In a fascinating development, Mercedes elected to keep Lewis on the medium tyre whilst Ferrari went for supers. At the race restart it looked to be advantage Ferrari as they began to pull away, but it was insubstantial, as Vettel was unable to pull a large enough gap to manage the extra pit stop. Compounding the savage turn of luck for the Scuderia, Räikkönen suddenly radioed in something was broken on his car and rolled into the pitlane with smoke pouring from his PU. By the time he climbed out of the cockpit, there was a full on flambé happening behind him with the air inlet breathing fire.
Meanwhile, the Toro Rossos on the softs were making it impossible for Lewis to get by on his mediums, though there was no lack of trying on Hamilton’s part. Finally, on lap 32 Sainz bailed for fresh tyres, releasing Hamilton and the ire of Verstappen, who felt that Sainz stole his pit stop. Coming in the following lap, the Dutchman would go on to moan bitterly that he should be allowed through as he was faster than his teammate once Sainz became stuck behind the queue forming up behind the Haas of Grosjean, now running in P6 thanks to the Toro Rosso’s pitting. But before they got to the Frenchman, Sainz would first have to clear the excellent driving Jolyon Palmer, who mounted a magnificent defense. This thoroughly enraged Verstappen, who felt that Sainz should make way for him so Max could have a go at the Briton, and he expressed himself in the most colourful language when he was encouraged to pass anyone he could, but without the assistance of the team management.
As the race progressed, Verstappen became increasingly unhinged, finally punting into Sainz and losing some bits of bodywork followed by a spin into the penultimate corner, thus putting an end to the increasingly fraught teammate battle.

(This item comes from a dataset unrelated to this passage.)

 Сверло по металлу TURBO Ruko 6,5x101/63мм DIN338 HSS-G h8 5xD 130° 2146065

At the front Lewis continued working his way up to Ricciardo and managed after a bit of effort to get by him just before the Aussie made a stop to ditch his dying softs. But even as Hamilton got by, Vettel was making even greater progress and by lap 50 he was within 2.5s, a gap which Lewis singlehandedly erased with a mistake on lap 52, allowing Vettel within DRS range. The battle between the two champions continued all the way up to lap 56 when Vettel went wide and on the grass in the penultimate corner, and ended the drama.

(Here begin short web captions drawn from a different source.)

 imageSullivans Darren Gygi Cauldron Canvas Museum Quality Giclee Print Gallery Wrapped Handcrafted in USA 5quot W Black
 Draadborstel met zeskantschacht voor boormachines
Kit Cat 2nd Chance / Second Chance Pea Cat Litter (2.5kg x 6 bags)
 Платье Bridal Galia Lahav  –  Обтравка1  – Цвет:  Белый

Rosberg sailed home with nary a care, having run a long controlled race, followed by Hamilton and Vettel. Ricciardo and Massa rounded out the top 5. Congratulations to Haas currently P5 in the WCC but the real winner might be the new tyre regulations that allow the extra tyre option. Having that extra choice added a new dimension to the racing and it looks to be even more promising as the season progresses.